_Description of the task_
Verbatim output of the lines below is required, with the images omitted.

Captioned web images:
....................

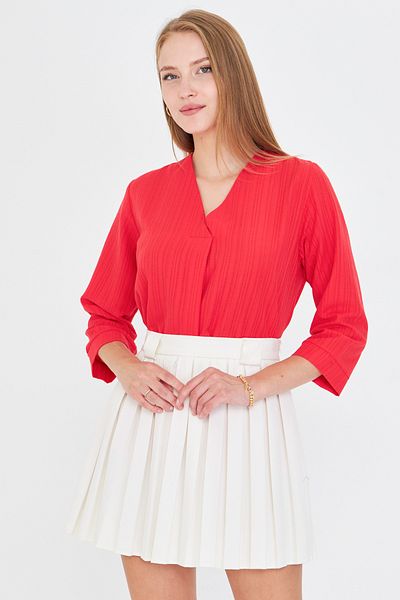 armonika Women's Red V-Neck Quarter Sleeve Blouse Arm-25Y001024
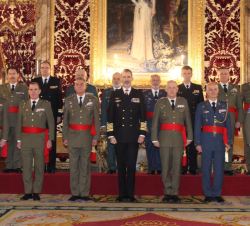 Fotografía de grupo de Su Majestad el Rey con un un grupo de generales de brigada y contralmirantes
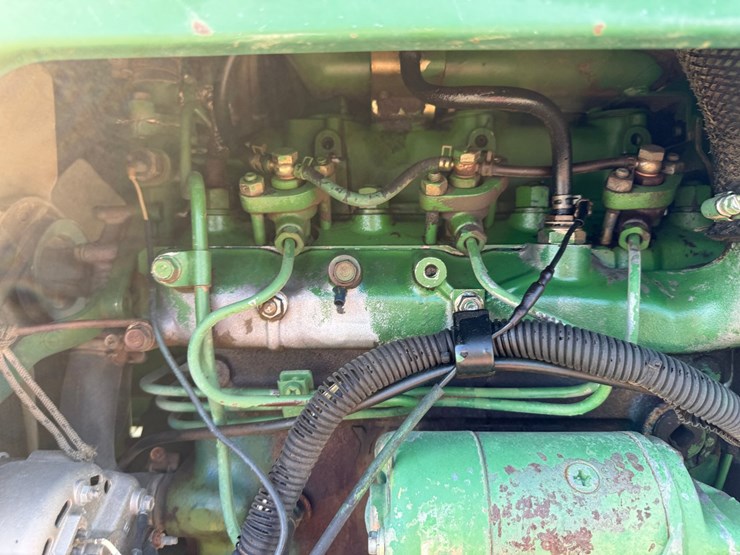 john-deere-1050-image-32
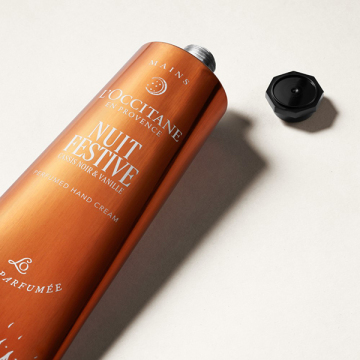 ニュイ フェスティブ パフュームド ハンドクリーム 02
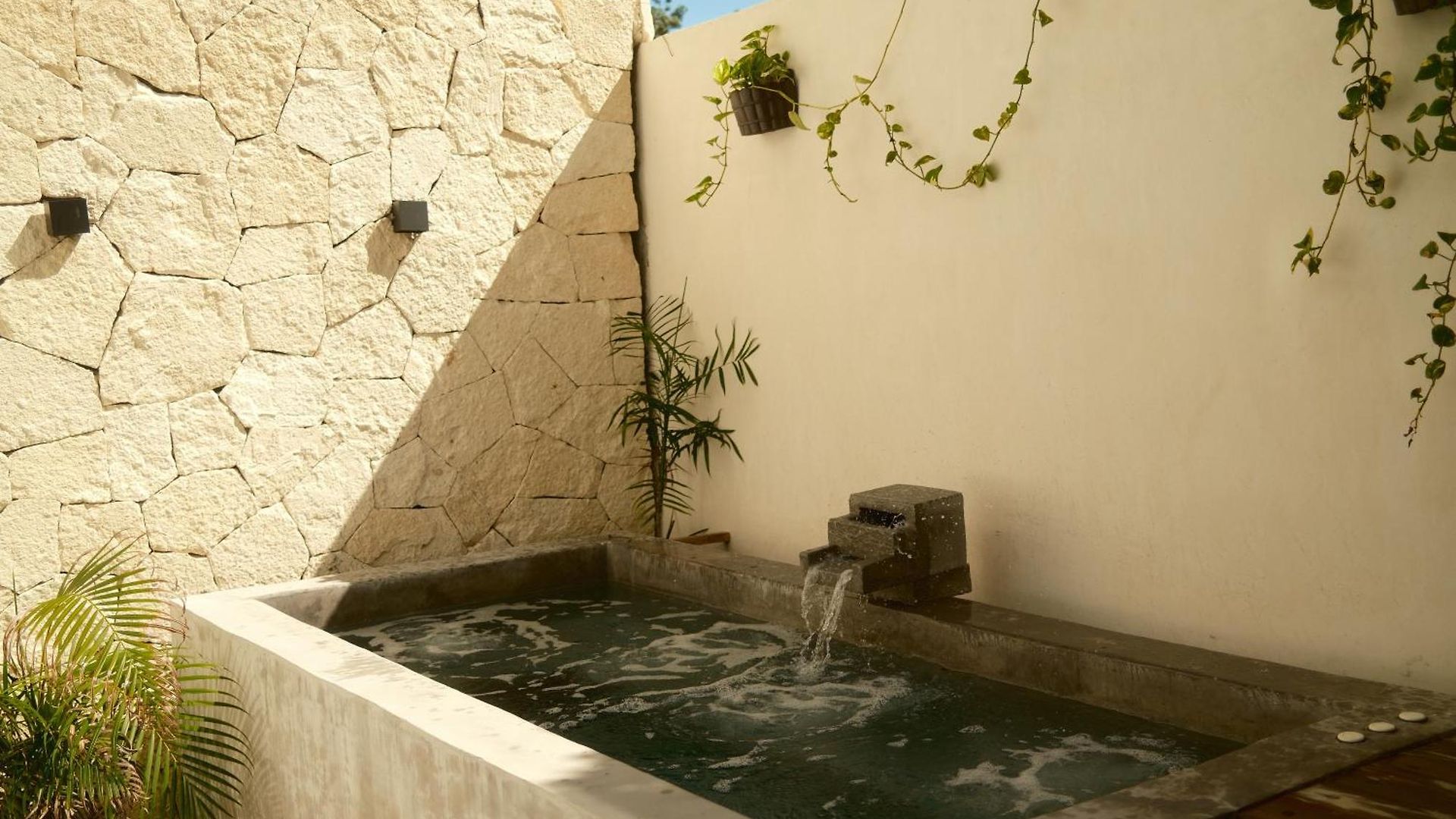 Downtown Penthouse With Private Pool, Rooftop Pool And Gym, Short Distance From Beaches, Restaurants & Nightlife Apartment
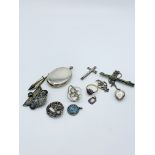Quantity of silver jewellery.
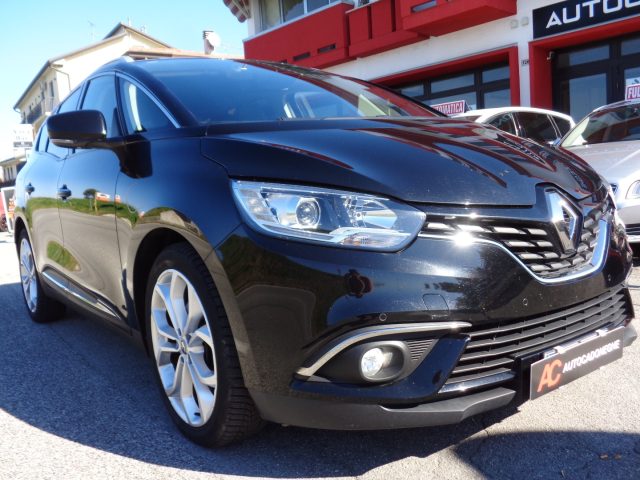 RENAULT Grand Scenic usata, con Airbag laterali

....................

_Answer box_
 armonika Women's Red V-Neck Quarter Sleeve Blouse Arm-25Y001024
 Fotografía de grupo de Su Majestad el Rey con un un grupo de generales de brigada y contralmirantes
 john-deere-1050-image-32
 ニュイ フェスティブ パフュームド ハンドクリーム 02
 Downtown Penthouse With Private Pool, Rooftop Pool And Gym, Short Distance From Beaches, Restaurants & Nightlife Apartment
Quantity of silver jewellery.
 RENAULT Grand Scenic usata, con Airbag laterali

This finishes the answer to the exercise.